Hace ahora diez años que Europa vivió un nuevo Auschwitz: una matanza masiva de personas inocentes. Y Europa sabía que ese crimen se iba a perpetrar. Y, en su momento, Europa también supo que ese crimen se estaba produciendo. A lo largo de una semana de odio y de etnia, en los Balcanes. Fue el más cruel episodio del genocidio que llevó a la muerte a doscientas mil personas en la antigua Yugoslavia. Un crimen de hace tan sólo diez años, parece increíble. Un crimen que ensangrentó la historia de este continente recubierto de catedrales y leyes; de flores y músicas; de joyerías y delicadezas; de poetas comprometidos. Un crimen que demostró que hoy por hoy sólo Estados Unidos es capaz de poner fin a las hemorragias fratricidas que de cuando en cuando asolan la cuna de Occidente.

En la ciudad bosnia de Srebrenica fueron asesinados siete mil seres humanos. Eran musulmanes y por eso los mataron. Los militares serbios rodearon la ciudad y los cascos azules holandeses que la defendían, que eran muy pocos, huyeron. Esa huida abrió las puertas a una masacre que parecía inimaginable en el solar de la vieja Europa. En Srebrerica fueron asesinadas, sorda y brutalmente, el triple de las víctimas que originó el infame ataque a las Torres Gemelas.

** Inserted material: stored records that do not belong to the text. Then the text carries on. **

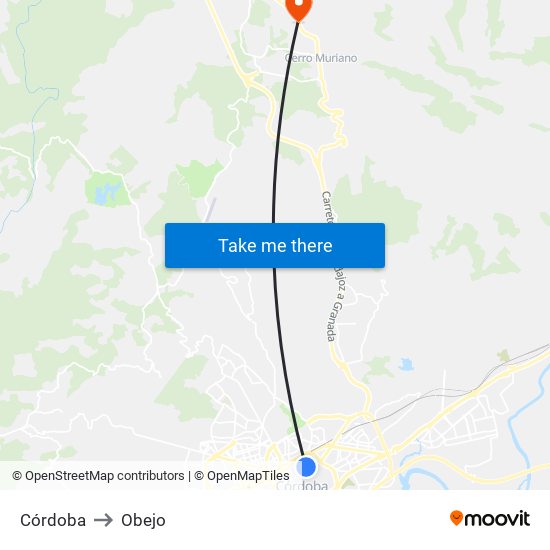 Córdoba to Obejo map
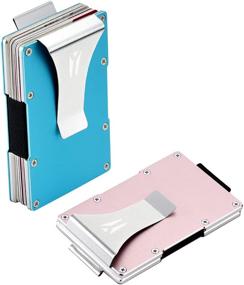 img 3 attached to 🔒 RFID Blocking Aluminum Minimalist Wallet for Women and Men, with Anti-Theft Technology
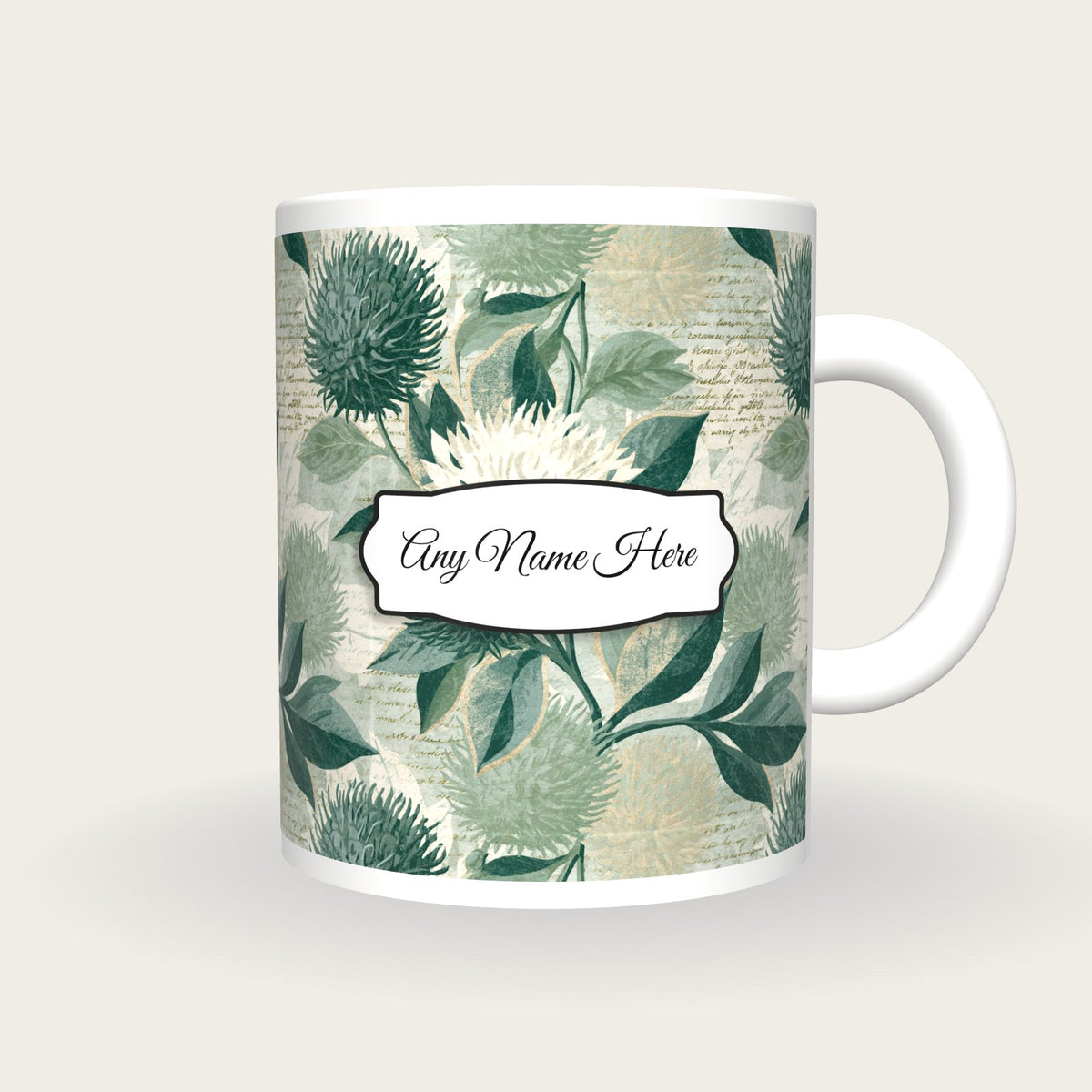 Naturalist Rambutan Name Mug, front with the name label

No debemos olvidar nunca Srebrenica. No debemos olvidar nunca que ese crimen, como todos los que asolaron los Balcanes, tenía un móvil; el mismo móvil que Auschwitz: el nacionalismo. No debemos olvidar que es muy fácil, por desgracia, que donde hubo armonía entre dos comunidades diferentes, y buenas palabras, y novios y novias, y fiestas populares, y bailes y risas, y lágrimas del fútbol, puede acabar habiendo incendio de hogares, torturas y envidias, ejecuciones masivas, horrendas venganzas. Porque lo más terrible puede suceder donde no se le espera. Y porque el incremento de la tensión nacionalista en las tierras de España, tensión tenazmente estimulada por políticos fanáticos -sí fanáticos- puede acabar llevándonos a donde ni siquiera nos podemos imaginar. Adonde no debemos llegar nunca.